1. Search for evidence
The first step is donning your detective cap and beginning to build your case. It’s important to be thorough and document everything you collect and when you collect it. “You need to think as though you’re going to present this evidence in a court of law,” said David Maxfield, vice president of research with VitalSmarts and the author of four New York Times bestsellers including Crucial Accountability.
2. Assess the impact
It’s important to not only tally the value of the obvious theft, but also to consider just how deep this employee’s duplicity might go. Not all theft is as obvious as cash missing from a register or inappropriate expenses. Consider whether any of the employee’s other behaviour has been suspicious, and whether that employee has access to important information or equipment. “Maybe the theft you’re seeing is the tip of the iceberg,” Maxfield said.
3. Involve the police
If you’re confident in your case and the level of theft warrants it, it’s wise to file a police report. Most police departments have fraud units that specialize in issues like this one, and officers might provide valuable advice about how to proceed.
4. Talk to the employee
Are you ready for a tough conversation? Depending on the severity of the theft, it might be a good idea to have a police officer present for this confrontation. Beyond that, be careful to present only what you know with total certainty. “Stick to the facts,” Maxfield said. “Don’t go calling the person a crook.”
5. No excuses
There are all sorts of reasons someone might feel somehow justified in stealing from an employer, and if an employee has fallen on hard times, this conversation might stir some compassion. Still, more serious workplace theft is usually considered unforgiveable. “If you do believe at the end of this conversation that this person has stolen, the person either needs to resign or be fired,” Maxfield said. “I don’t think you have leeway on that. The person has to lose their job.”

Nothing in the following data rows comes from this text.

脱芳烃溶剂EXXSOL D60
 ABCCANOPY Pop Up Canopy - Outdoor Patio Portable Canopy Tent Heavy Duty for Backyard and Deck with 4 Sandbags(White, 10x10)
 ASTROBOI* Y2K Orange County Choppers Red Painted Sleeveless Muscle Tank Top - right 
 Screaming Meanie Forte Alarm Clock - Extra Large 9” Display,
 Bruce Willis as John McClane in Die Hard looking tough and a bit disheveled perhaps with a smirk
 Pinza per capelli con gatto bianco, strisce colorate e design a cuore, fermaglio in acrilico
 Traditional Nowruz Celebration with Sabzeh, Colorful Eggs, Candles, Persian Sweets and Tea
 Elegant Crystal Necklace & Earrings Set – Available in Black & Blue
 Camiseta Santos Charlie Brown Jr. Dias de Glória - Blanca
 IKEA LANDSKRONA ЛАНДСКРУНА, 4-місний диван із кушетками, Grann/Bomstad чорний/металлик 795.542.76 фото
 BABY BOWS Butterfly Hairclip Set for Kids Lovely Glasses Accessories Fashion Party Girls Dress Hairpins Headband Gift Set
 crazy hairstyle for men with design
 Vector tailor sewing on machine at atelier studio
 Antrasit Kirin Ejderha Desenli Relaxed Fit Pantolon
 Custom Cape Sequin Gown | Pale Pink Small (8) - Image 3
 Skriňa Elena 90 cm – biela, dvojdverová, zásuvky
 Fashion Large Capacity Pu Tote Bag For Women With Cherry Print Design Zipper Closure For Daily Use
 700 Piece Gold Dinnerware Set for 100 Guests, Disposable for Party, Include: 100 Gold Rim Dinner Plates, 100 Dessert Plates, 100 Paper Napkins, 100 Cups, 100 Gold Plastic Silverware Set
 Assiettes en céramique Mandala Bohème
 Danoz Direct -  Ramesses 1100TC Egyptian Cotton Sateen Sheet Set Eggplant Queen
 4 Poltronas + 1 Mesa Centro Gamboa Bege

6. Communicate with the rest of your team
When an employee’s fired for theft, there will be no shortage of questions going around the workplace – not to mention gossip. You’ll need to tell your team what happened, but handle that conversation delicately. “You don’t need to share everything,” Maxfield said. “My concern would be you share too much and the person comes back and says you defamed them. So I would share not a heck of a lot and have it be as factual as possible.”